◆ WHAT THE EXERCISE ASKS: Would you return the listing exactly as written, apart from its pictures?

--

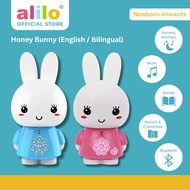 Alilo Honey Bunny (English / Bilingual)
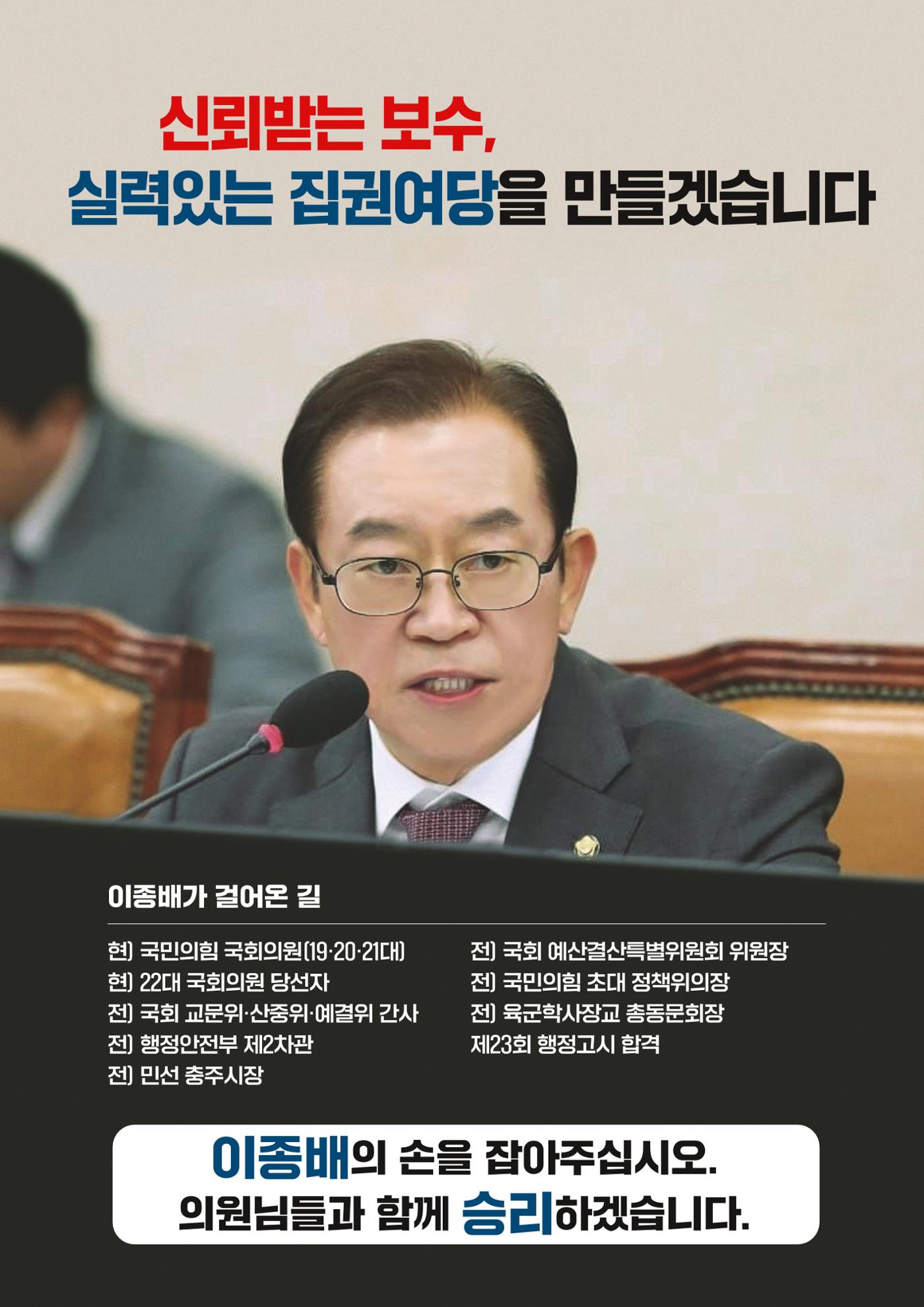 이종배 원내대표 후보 공보물 4페이지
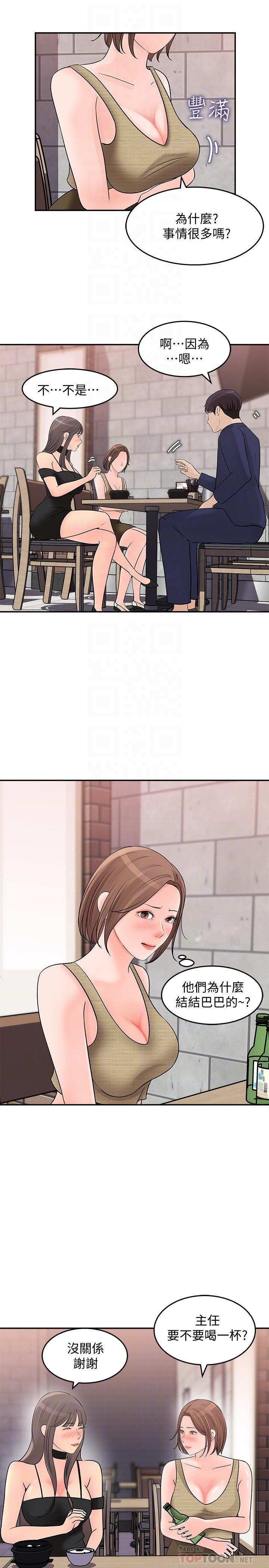 第14话-我醉了，可以帮我脱衣服吗-女神收藏清单-周君,性百（第16张）
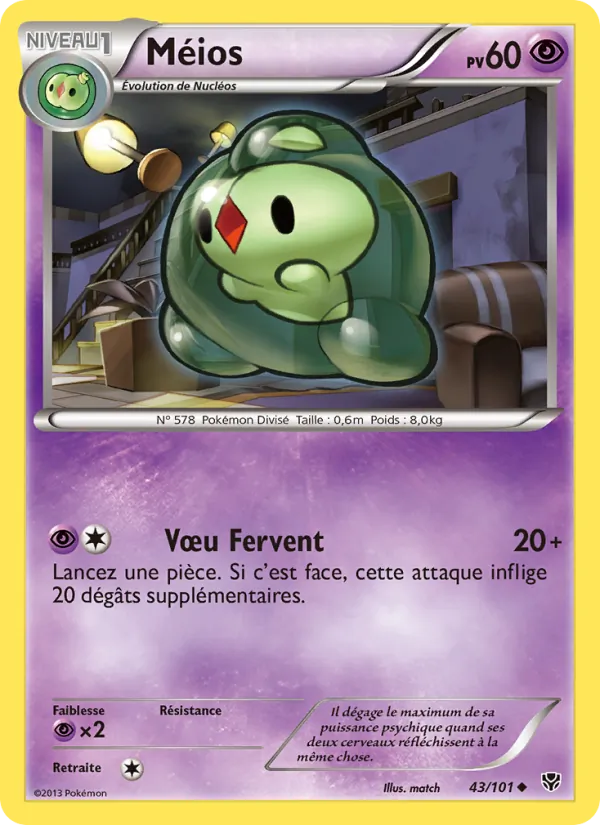 Carte Pokémon Méios de l'extension Explosion Plasma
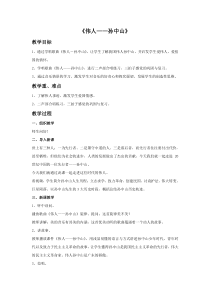 《伟人-孙中山》教学设计1-八年级上册音乐【粤教版】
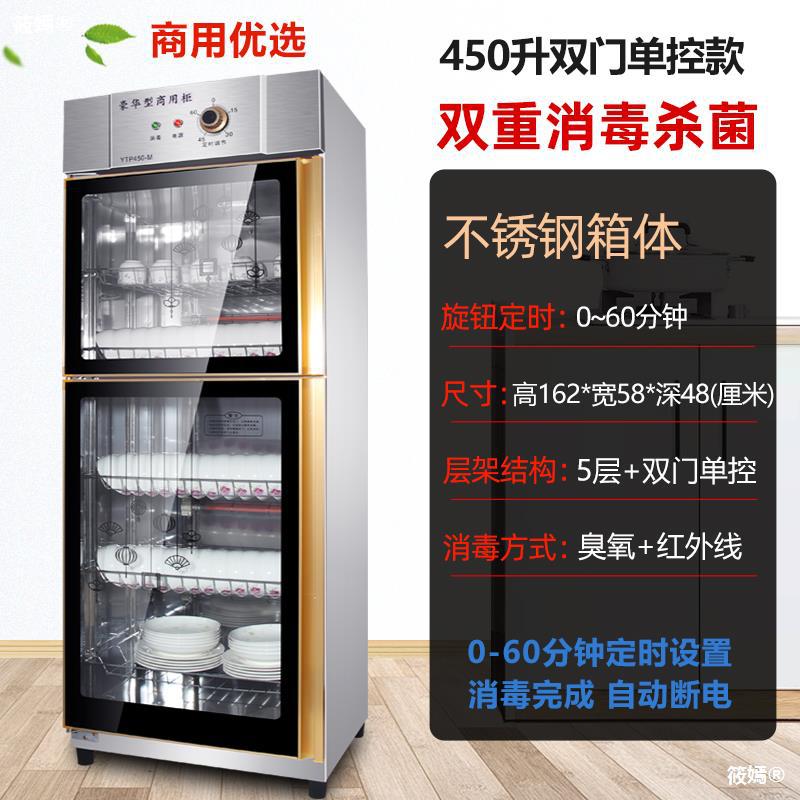 Good wife Disinfection cabinet commercial vertical capacity Stainless steel Double Door Hotel kitchen Dishes tableware disinfect Cupboard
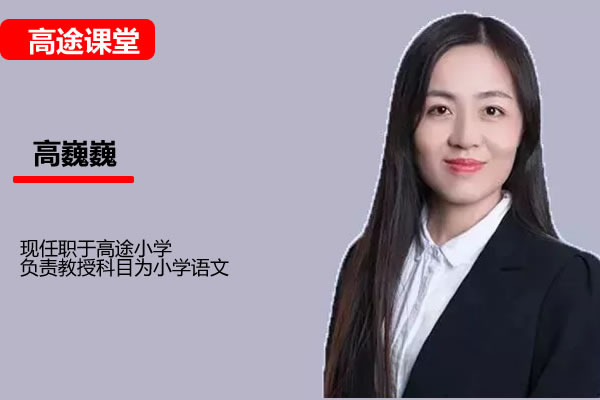 高途高巍巍小学3年级语文暑期网课视频第1张-惠学吧 小学语文 4年级语文 高巍巍 秋 网课视频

--

◆ RESPONSE BOX:
 Alilo Honey Bunny (English / Bilingual)
 이종배 원내대표 후보 공보물 4페이지
 第14话-我醉了，可以帮我脱衣服吗-女神收藏清单-周君,性百（第16张）
 Carte Pokémon Méios de l'extension Explosion Plasma
 《伟人-孙中山》教学设计1-八年级上册音乐【粤教版】
 Good wife Disinfection cabinet commercial vertical capacity Stainless steel Double Door Hotel kitchen Dishes tableware disinfect Cupboard
 高途高巍巍小学3年级语文暑期网课视频第1张-惠学吧 小学语文 4年级语文 高巍巍 秋 网课视频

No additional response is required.